On Tue, Aug 27, 2019 at 5:34 PM Alexei Starovoitov
<alexei.starovoitov at gmail.com> wrote:
>
> On Tue, Aug 27, 2019 at 04:01:08PM -0700, Andy Lutomirski wrote:
> > [adding some security and tracing folks to cc]
> >
> > On Tue, Aug 27, 2019 at 1:52 PM Alexei Starovoitov <ast at kernel.org> wrote:
> > >
> > > Introduce CAP_BPF that allows loading all types of BPF programs,
> > > create most map types, load BTF, iterate programs and maps.
> > > CAP_BPF alone is not enough to attach or run programs.
> > >
> > > Networking:
> > >
> > > CAP_BPF and CAP_NET_ADMIN are necessary to:
> > > - attach to cgroup-bpf hooks like INET_INGRESS, INET_SOCK_CREATE, INET4_CONNECT
> > > - run networking bpf programs (like xdp, skb, flow_dissector)
> > >
> > > Tracing:
> > >
> > > CAP_BPF and perf_paranoid_tracepoint_raw() (which is kernel.perf_event_paranoid == -1)
> > > are necessary to:
> > > - attach bpf program to raw tracepoint
> > > - use bpf_trace_printk() in all program types (not only tracing programs)
> > > - create bpf stackmap
> > >
> > > To attach bpf to perf_events perf_event_open() needs to succeed as usual.
> > >
> > > CAP_BPF controls BPF side.
> > > CAP_NET_ADMIN controls intersection where BPF calls into networking.
> > > perf_paranoid_tracepoint_raw controls intersection where BPF calls into tracing.
> > >
> > > In the future CAP_TRACING could be introduced to control
> > > creation of kprobe/uprobe and attaching bpf to perf_events.
> > > In such case bpf_probe_read() thin wrapper would be controlled by CAP_BPF.
> > > Whereas probe_read() would be controlled by CAP_TRACING.
> > > CAP_TRACING would also control generic kprobe+probe_read.
> > > CAP_BPF and CAP_TRACING would be necessary for tracing bpf programs
> > > that want to use bpf_probe_read.
> >
> > First, some high-level review:
> >
> > Can you write up some clear documentation aimed at administrators that
> > says what CAP_BPF does?  For example, is it expected that CAP_BPF by
> > itself permits reading all kernel memory?
>
> hmm. the answer is in the sentence you quoted right above.

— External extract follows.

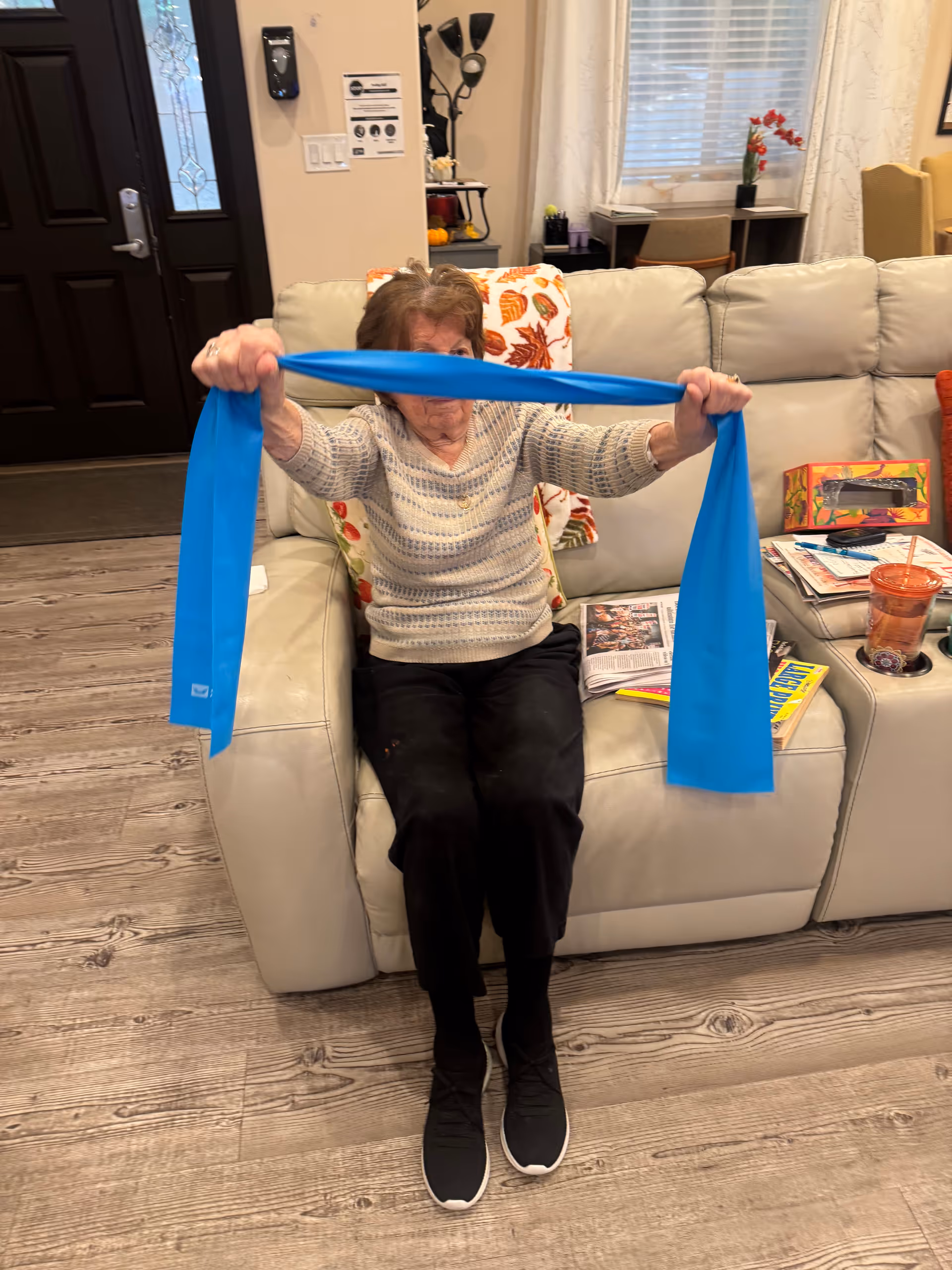 An elderly woman sitting on a light-colored leather couch in a living room, holding and stretching a blue exercise resistance band with both hands. The room has wooden flooring, a dark front door, and a side table with various items including a cup and magazines. There is a decorative pillow and a blanket with autumn leaf patterns on the couch.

I was hoping for something in Documentation/admin-guide, not in a
changelog that's hard to find.

>
> > Can you give at least one fully described use case where CAP_BPF
> > solves a real-world problem that is not solved by existing mechanisms?
>
> bpftrace binary would be installed with CAP_BPF and CAP_TRACING.
> bcc tools would be installed with CAP_BPF and CAP_TRACING.
> perf binary would be installed with CAP_TRACING only.
> XDP networking daemon would be installed with CAP_BPF and CAP_NET_ADMIN.
> None of them would need full root.

As in just setting these bits in fscaps?  What does this achieve
beyond just installing them setuid-root or with CAP_SYS_ADMIN and
judicious use of capset internally?  For that matter, what prevents
unauthorized users from tracing the system if you do this?  This just
lets anyone trace the system, which seems like a mistake.

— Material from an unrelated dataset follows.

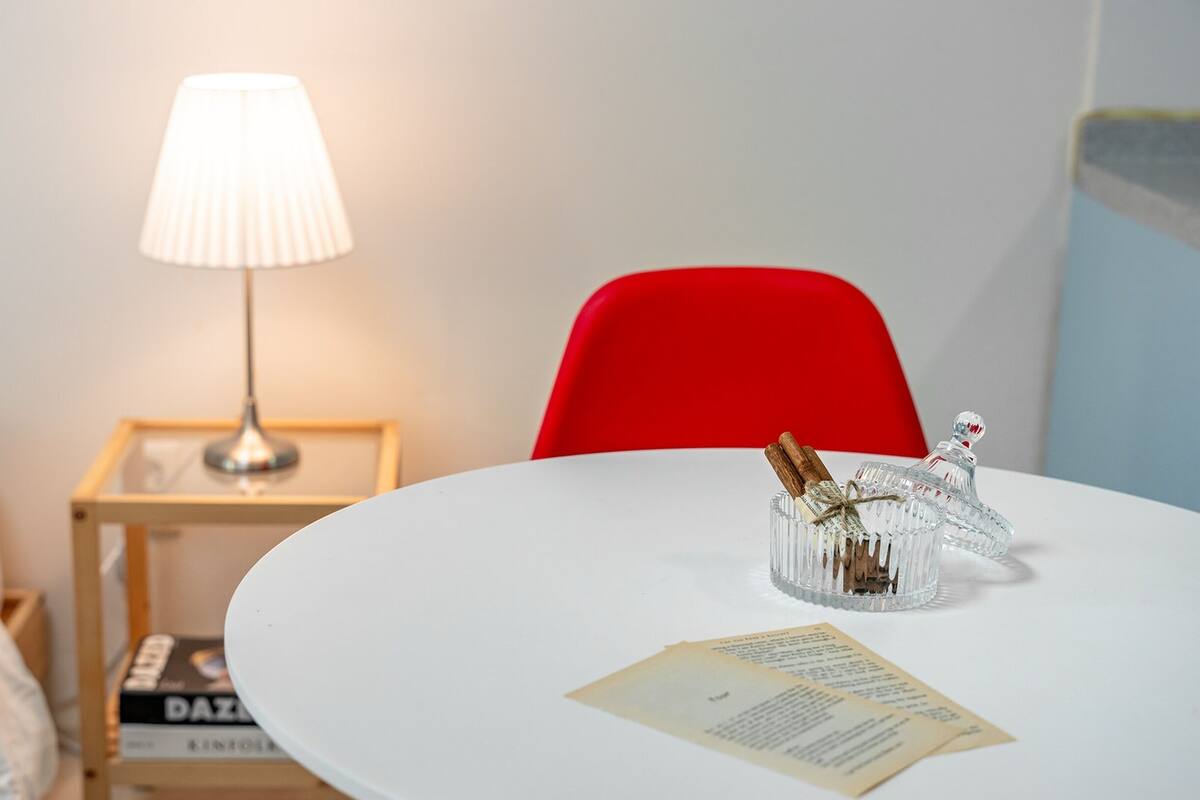 Ein ordentlich eingerichtetes Hotelzimmer mit einem weißen runden Tisch, einem roten Sessel, einer Nachttischlampe und einem kleinen Nachttisch mit Büchern.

Can you clarify your example or give another one?

>
> > Changing the capability that some existing operation requires could
> > break existing programs.  The old capability may need to be accepted
> > as well.
>
> As far as I can see there is no ABI breakage. Please point out
> which line of the patch may break it.

As a more or less arbitrary selection:

 void bpf_prog_kallsyms_add(struct bpf_prog *fp)
 {
        if (!bpf_prog_kallsyms_candidate(fp) ||
-           !capable(CAP_SYS_ADMIN))
+           !capable(CAP_BPF))
                return;

Before your patch, a task with CAP_SYS_ADMIN could do this.  Now it
can't.  Per the usual Linux definition of "ABI break", this is an ABI
break if and only if someone actually did this in a context where they
have CAP_SYS_ADMIN but not all capabilities.  How confident are you
that no one does things like this?
 void bpf_prog_kallsyms_add(struct bpf_prog *fp)
 {
        if (!bpf_prog_kallsyms_candidate(fp) ||
-           !capable(CAP_SYS_ADMIN))
+           !capable(CAP_BPF))
                return;

> > > ---
> > > I would prefer to introduce CAP_TRACING soon, since it
> > > will make tracing and networking permission model symmetrical.
> > >
> >
> > Here's my proposal for CAP_TRACING, documentation-style:
> >
> > --- begin ---
> >
> > CAP_TRACING enables a task to use various kernel features to trace
> > running user programs and the kernel itself.  CAP_TRACING also enables
> > a task to bypass some speculation attack countermeasures.  A task in
> > the init user namespace with CAP_TRACING will be able to tell exactly
> > what kernel code is executed and when, and will be able to read kernel
> > registers and kernel memory.  It will, similarly, be able to read the
> > state of other user tasks.
> >
> > Specifically, CAP_TRACING allows the following operations.  It may
> > allow more operations in the future:
> >
> >  - Full use of perf_event_open(), similarly to the effect of
> > kernel.perf_event_paranoid == -1.
>
> +1
>
> >  - Loading and attaching tracing BPF programs, including use of BPF
> > raw tracepoints.
>
> -1
>
> >  - Use of BPF stack maps.
>
> -1
>
> >  - Use of bpf_probe_read() and bpf_trace_printk().
>
> -1
>
> >  - Use of unsafe pointer-to-integer conversions in BPF.
>
> -1
>
> >  - Bypassing of BPF's speculation attack hardening measures and
> > constant blinding.  (Note: other mechanisms might also allow this.)
>
> -1
> All of the above are allowed by CAP_BPF.
> They are not allowed by CAP_TRACING.

Why?  I don't mean to discount your -1, and you may well have a
compelling reason.  If so, I'll change my proposal.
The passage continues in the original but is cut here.